Check out TSLA’s chart…

Tesla (TSLA)


Source: eSignal

After hitting its all-time high in November 2021 ‘1,’ TSLA went on to make a series of lower highs at ‘2’ and ‘3’.

Each of these highs (1 to 3) coincided with the Relative Strength Index (RSI) making an inverse ‘V’ from overbought territory (on or near upper grey dashed line) – represented by the red circles.

But it was after this second lower high that TSLA changed directions…

Up until then, the long-term 50-day moving average (MA – blue line) showed TSLA was trending higher.

However, with the 10-day MA (red line) crossing down over the 50-day MA on January 19, TSLA’s long-term trend reversed and the downtrend got underway.

After making a lower high at ‘3,’ the RSI reversed from overbought territory and fell right down through support (green line) and into the lower half of its range before hitting oversold territory in mid-May (lower grey dashed line).

Since then, the orange line on the bottom half of the chart shows that buying momentum has increased. This was what enabled TSLA’s stock price to make a series of higher lows.

With the RSI then breaking strongly into the upper half of its range (green line) and staying there, this increased momentum has seen the 10-day MA finally break back above the 50-day MA.

So, after these positive signals, what am I expecting from here?

Well, let’s take another look at the chart…

Tesla (TSLA)


Source: eSignal

The 10-day MA is accelerating above the 50-day MA at a steep angle. For TSLA’s uptrend to take hold, we’ll need to see this pattern continue.

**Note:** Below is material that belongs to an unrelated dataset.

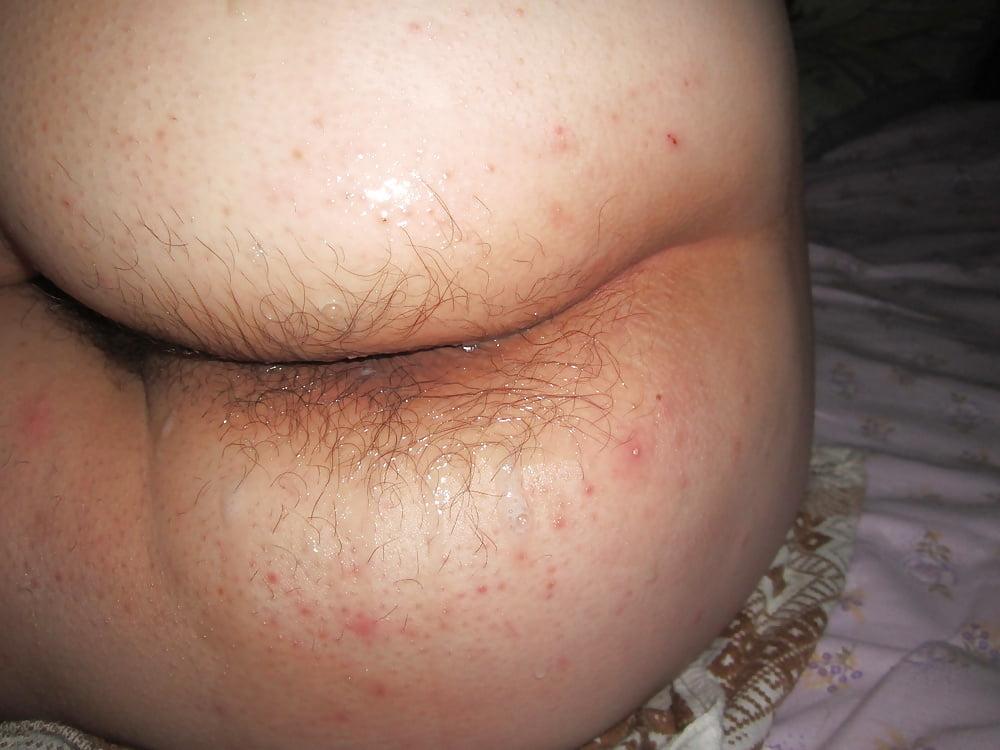 25P Real Women, Real Blemishes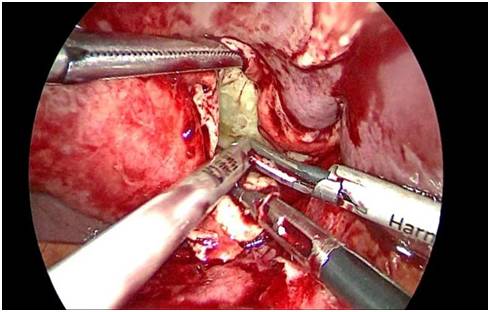 胃里有个大肿块是怎么回事,胃突然有个硬包怎么回事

The other thing I’m watching is the RSI…

While this rising buying momentum has driven TSLA higher, the RSI is about to test a key level. It’s now tracking right on the upper grey dashed line (overbought).

It’s here that the previous patterns (red circles) provide a clue as to TSLA’s future direction…

When the RSI reversed from at or near overbought territory in 1 through 3, it provided a strong setup for a potential short trade.

And that’s what I’ll be looking for from here…

The key thing to remember is that we need to be patient and wait for the RSI to form an inverse ‘V’ (not just trade in overbought territory) before looking to enter the trade.